Some psychotic depressions worsen and become lifelong schizophrenic disorders
which are incurable at present.
It is hopeful that medical science may come up with some breakthroughs soon so that even " incurable" schizophrenics may someday be restored to total health.

Here is a self-rating depression scale.

Anyone who answers "true" to a majority of the following statements is almost certainly depressed
and should seek professional assistance before the depression worsens.

1. I feel like crying more often now than I did a year ago.
2. I feel blue and sad.
3. I feel hopeless and helpless a good part of the time.
4. I have lost a lot of my motivation.
5. I have lost interest in things I once enjoyed.
6. I have had thoughts recently that life is just not worth living.
7. My sleep pattern has changed of late. I either sleep too much or too little.
8. I am losing my appetite.
9. I am too irritable.
10. I am anxious of late.
11. I have less energy than usual.
12. Morning is the worst part of the day.
13. How I find myself introspecting a lot.
14. When I look at myself and the mirror, I appear to be sad.
15. My self-concept is not very good.
16. I worry much about the past.
17. I have more physical symptoms (headaches, upset stomach, constipation,
    rapid heartbeat, etc.) than I did a year ago.
18. I believe people have noticed that I do not function as well at my job as I did in the past.
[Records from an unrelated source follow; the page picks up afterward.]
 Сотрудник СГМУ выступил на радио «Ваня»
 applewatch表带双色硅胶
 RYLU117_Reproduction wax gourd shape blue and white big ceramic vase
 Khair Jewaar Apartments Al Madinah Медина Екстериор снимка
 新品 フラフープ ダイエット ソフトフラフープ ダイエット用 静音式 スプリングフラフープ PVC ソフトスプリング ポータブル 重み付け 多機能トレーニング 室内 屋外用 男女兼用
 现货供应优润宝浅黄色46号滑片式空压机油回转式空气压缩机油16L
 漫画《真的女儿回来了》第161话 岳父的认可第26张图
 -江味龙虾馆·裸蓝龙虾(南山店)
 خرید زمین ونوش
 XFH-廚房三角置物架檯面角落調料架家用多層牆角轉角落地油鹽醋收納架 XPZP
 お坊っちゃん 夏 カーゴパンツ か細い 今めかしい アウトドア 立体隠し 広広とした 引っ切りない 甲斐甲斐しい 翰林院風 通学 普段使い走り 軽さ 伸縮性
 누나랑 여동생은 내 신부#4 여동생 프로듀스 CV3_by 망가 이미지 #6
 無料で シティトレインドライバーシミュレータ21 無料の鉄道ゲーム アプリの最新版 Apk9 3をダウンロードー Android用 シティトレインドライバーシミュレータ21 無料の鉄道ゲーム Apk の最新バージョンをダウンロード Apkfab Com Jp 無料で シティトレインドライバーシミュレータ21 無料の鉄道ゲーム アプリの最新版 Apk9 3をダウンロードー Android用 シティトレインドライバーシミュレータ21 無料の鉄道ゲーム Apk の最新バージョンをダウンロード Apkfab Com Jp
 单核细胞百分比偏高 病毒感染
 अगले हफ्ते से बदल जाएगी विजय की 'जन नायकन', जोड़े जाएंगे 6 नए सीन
The above has been based on the book, "Happiness Is a Choice," by Frank B. Minirth
and Paul D. Meier.


Definitions of terms used above:

Depression -- a morbid sadness, dejection, or melancholy

Neurosis -- formerly referred to individuals in contact with reality
           but so incapacitated by anxiety and its symptoms as to function
           inadequately over a period of time.
Schizophrenic -- mental disorder characterized by rambling thoughts,
                lack of or inappropriate facial expression, withdrawal, and immobility.